Rainfall intensity affects the surface PM wash-off mass and rate of Pinus tabulaefornis (Xu et al. 2019). This species showed the lowest wash-off rate among the six study species, reaching 45% of coarse and fine PM under a 30 mm/h rainfall intensity (Xu et al. 2017). Weerakkody et al. (2018) concluded that a 16 mm/h intensity rainfall washed off surface PM of four evergreen species and that the interspecies variations were probably owing to micromorphologies such as smooth or waxy surfaces. Our results showed significant surface PM wash-off at a 28 mm/h intensity rainfall in two cases: PM₁₀ on the leaves of P. yedoensis and PM_2.5 on M. glyptostroboides. Despite the sufficiently strong rainfall intensity (28 mm/h) to wash off surface PM in our study, we found no significant surface PM washed off in the other cases, such as PM_2.5 on the leaves of P. yedoensis or PM₁₀ on Z. serrata. This might have occurred because the high concentration of atmospheric PM and the position of the leaves were under the crown, blocking contact with the raindrops and increasing the wet deposition of the lower tree leaves, as mentioned by Wang et al. (2015). This means that the PM wash-off rates we estimated in this study may be low, indicating that a study of PM wash-off by rainfall throughout an entire tree crown is needed.

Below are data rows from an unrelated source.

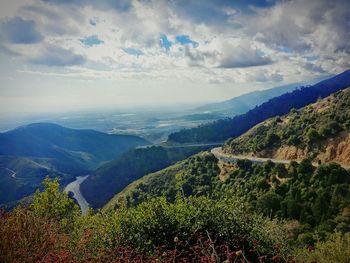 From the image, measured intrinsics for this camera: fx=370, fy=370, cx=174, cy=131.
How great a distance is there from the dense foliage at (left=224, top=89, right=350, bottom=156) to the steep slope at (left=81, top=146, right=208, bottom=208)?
49388 millimetres

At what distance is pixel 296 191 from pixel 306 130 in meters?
26.6

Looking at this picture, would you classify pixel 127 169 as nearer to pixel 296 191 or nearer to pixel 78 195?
pixel 78 195

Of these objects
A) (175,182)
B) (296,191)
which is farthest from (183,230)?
(175,182)

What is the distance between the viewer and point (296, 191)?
52625 mm

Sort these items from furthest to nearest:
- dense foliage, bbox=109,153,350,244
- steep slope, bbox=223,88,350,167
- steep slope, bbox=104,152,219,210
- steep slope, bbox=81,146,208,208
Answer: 1. steep slope, bbox=81,146,208,208
2. steep slope, bbox=104,152,219,210
3. steep slope, bbox=223,88,350,167
4. dense foliage, bbox=109,153,350,244

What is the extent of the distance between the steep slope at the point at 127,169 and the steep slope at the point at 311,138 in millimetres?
50303

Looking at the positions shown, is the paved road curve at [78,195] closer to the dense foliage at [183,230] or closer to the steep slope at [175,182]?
the steep slope at [175,182]

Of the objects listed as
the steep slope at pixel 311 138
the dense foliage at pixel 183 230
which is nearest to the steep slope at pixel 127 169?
the steep slope at pixel 311 138

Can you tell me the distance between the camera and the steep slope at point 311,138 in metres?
63.6

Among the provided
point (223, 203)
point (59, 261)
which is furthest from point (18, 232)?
point (223, 203)

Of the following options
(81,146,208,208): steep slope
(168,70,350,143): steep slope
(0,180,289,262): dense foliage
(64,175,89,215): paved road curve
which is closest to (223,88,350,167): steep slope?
(0,180,289,262): dense foliage

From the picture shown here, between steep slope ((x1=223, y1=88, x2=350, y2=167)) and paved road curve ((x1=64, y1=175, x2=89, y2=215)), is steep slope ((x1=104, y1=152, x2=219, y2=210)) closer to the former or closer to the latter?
steep slope ((x1=223, y1=88, x2=350, y2=167))

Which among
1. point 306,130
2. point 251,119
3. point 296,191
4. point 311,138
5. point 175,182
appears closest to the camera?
point 296,191

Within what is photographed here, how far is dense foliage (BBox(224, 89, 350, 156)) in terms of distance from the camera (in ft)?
224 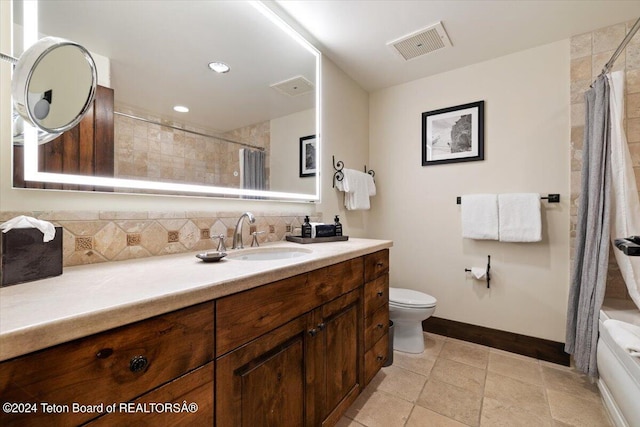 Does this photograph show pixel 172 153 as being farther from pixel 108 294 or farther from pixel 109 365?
pixel 109 365

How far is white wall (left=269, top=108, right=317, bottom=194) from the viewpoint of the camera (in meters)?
1.73

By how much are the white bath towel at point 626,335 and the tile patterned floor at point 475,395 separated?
1.69 feet

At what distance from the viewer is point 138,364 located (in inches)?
21.2

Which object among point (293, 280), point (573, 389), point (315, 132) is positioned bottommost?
point (573, 389)

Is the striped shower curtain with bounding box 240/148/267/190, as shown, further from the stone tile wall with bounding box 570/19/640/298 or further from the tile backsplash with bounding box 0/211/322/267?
the stone tile wall with bounding box 570/19/640/298

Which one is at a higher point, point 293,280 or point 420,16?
point 420,16

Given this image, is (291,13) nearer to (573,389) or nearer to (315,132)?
(315,132)

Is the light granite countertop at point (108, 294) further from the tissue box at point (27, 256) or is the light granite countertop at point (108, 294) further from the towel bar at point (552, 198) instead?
the towel bar at point (552, 198)

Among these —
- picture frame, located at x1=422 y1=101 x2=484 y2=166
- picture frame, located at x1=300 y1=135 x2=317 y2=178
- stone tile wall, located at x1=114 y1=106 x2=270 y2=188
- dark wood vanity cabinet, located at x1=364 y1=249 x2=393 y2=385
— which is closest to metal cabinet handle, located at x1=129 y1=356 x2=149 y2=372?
stone tile wall, located at x1=114 y1=106 x2=270 y2=188

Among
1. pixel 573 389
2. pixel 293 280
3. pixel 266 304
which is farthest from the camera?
pixel 573 389

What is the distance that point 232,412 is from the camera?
72cm

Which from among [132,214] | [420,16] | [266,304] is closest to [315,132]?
[420,16]

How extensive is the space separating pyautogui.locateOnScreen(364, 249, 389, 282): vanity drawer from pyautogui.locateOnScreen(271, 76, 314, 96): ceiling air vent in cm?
125

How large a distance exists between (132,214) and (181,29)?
0.91m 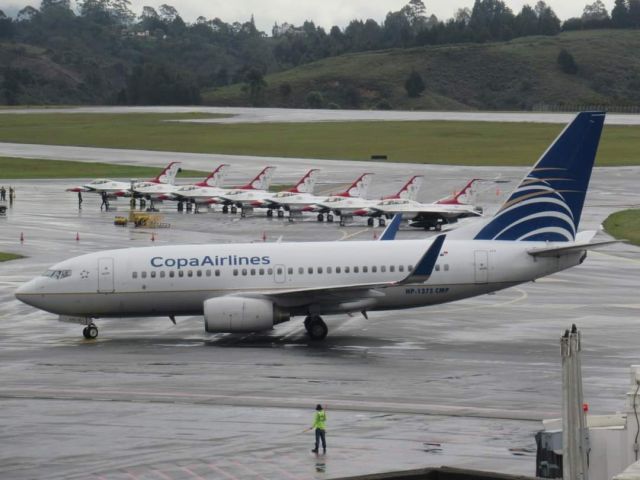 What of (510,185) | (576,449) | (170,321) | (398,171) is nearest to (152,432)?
(576,449)

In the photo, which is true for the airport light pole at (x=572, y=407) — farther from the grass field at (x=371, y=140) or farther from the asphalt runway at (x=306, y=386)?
the grass field at (x=371, y=140)

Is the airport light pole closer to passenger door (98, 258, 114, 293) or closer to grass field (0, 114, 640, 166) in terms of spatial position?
passenger door (98, 258, 114, 293)

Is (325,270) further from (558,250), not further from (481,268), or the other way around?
(558,250)

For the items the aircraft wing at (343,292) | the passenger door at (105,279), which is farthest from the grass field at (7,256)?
the aircraft wing at (343,292)

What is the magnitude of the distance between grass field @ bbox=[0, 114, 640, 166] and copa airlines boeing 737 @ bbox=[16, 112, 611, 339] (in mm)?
89723

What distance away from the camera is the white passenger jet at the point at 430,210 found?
296ft

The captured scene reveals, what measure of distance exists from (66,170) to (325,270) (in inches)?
3831

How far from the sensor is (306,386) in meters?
40.6

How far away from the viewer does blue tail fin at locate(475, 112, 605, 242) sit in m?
50.0

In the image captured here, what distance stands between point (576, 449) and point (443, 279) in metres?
26.9

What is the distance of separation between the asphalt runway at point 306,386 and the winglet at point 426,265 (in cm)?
264

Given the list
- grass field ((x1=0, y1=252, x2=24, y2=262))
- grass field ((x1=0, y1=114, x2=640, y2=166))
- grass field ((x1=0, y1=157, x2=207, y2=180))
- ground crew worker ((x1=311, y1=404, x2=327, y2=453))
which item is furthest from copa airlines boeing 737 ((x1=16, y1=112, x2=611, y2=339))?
grass field ((x1=0, y1=114, x2=640, y2=166))

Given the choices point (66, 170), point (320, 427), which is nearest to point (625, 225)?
point (320, 427)

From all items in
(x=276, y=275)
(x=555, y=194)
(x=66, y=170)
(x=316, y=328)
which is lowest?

In conclusion, the PM-reducing ability of tree leaves varies among species and over time. Reduced PM from tree leaves owing to rainfall also varied among species and PM diameter in this study. The presence or absence of trichomes on the leaf surface was the only factor that explained the difference in PM adsorption between tree species. The change in the amount of PM adsorbed by S. prunifolia f. simpliciflora over time showed no correlation with that of the other three species. However, we think this was owing to the discrepancy between the microclimate around the shrub species of S. prunifolia f. simpliciflora and the other three tall tree species. To understand why the amount of PM accumulated on the leaves of one species changes during the growing season, we need to study the microclimate near the investigated individual trees and seasonal leaf characteristic changes. Because the period of highest PM adsorption and PM_2.5 adsorption ratio differed for each tree species, the diversity of tree species in urban forests should be high to effectively reduce atmospheric PM concentrations throughout the year.

Disclosure statement

No potential conflict of interest was reported by the author(s).